All Threads (Global)
  Total 'filewrite': 1.0 (4.82%)
  Total 'live': 20.7678601742 (100.0%)
  Total 'sleep': 0.2 (0.96%)
  Total 'stopped': 19.4621602974 (93.71%)
  Total 'cpu': 0.105699876752 (0.51%)

Now the information at the top has changed slightly. We now report that the Island had a total of 3 threads, and that 2 events were used, which is correct.

The timeline is slightly more complicated now, since we see that several threads are inter-mingled. However, we see that the MainThread? first calls settimer twice, and then goes to sleep.

At that point, repy is stopped for 0.29 seconds. Following that, the two other threads are created, and the MainThread? wakes up from its sleep and exits. Thread "_EVENT:Thread:2" opens a file and beings to write, when repy is stopped suddenly for 10 seconds, due to thread "_EVENT:Thread" which is just wasting CPU. Afterward, the two threads finish up and exit.

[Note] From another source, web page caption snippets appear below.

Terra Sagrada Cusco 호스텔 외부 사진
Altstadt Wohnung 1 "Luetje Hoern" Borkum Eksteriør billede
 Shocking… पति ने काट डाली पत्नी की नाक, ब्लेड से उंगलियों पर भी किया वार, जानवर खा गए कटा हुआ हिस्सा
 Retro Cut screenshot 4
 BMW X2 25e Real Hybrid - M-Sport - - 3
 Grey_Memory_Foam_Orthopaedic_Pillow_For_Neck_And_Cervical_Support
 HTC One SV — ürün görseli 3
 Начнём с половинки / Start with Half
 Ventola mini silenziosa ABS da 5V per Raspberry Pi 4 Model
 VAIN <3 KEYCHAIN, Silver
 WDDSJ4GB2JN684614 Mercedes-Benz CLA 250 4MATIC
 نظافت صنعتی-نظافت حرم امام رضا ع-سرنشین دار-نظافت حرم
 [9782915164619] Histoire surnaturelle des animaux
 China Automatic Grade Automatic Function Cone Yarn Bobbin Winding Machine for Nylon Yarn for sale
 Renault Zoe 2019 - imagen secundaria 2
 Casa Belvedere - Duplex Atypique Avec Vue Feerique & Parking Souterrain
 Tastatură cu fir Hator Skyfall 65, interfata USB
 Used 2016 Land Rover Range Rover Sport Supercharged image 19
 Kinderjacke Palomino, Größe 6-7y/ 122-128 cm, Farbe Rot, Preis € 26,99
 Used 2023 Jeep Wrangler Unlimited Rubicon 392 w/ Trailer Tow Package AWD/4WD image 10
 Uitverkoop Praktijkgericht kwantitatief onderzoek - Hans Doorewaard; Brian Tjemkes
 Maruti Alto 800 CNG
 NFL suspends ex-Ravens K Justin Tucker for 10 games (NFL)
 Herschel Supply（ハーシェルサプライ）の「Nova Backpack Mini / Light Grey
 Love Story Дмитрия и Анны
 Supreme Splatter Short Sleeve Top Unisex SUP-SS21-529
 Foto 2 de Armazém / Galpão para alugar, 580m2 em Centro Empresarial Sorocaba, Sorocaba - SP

Now we can look at the thread time usage information, which is broken down for each thread, and then given globally. The MainThread? is very simple to analyze. All that thread did was call settimer twice, sleep and then exit. So as expected, we see that 0.2 seconds were spent sleeping, and essentially the remaining portion of the thread's life was stopped. This seems accurate since the thread was stopped during the sleep, which extended the amount of time in the API call.

Then we have the _EVENT:Thread:2 thread which was writing to disk. From before, we expected this file.write call to take 1 second, but were we were stopped for 10 seconds during the API call. However, the time usage information accurately reflects that 1 second was spent in "filewrite" and that the remaining 90% of the thread's life was spent in a stopped state.

The _EVENT:Thread:3 thread spent its time just wasting CPU. Accordingly, the amount of CPU it was able to use is that of our CPU restriction (1%). The remaining time, it was stopped to compensate for overuse.

The last entry is the Global sum, and it just sum's up the information to provide a higher level overview. What is clear, is that at 93% of the time being "stopped", this program would greatly benefit from having more CPU allocated to it.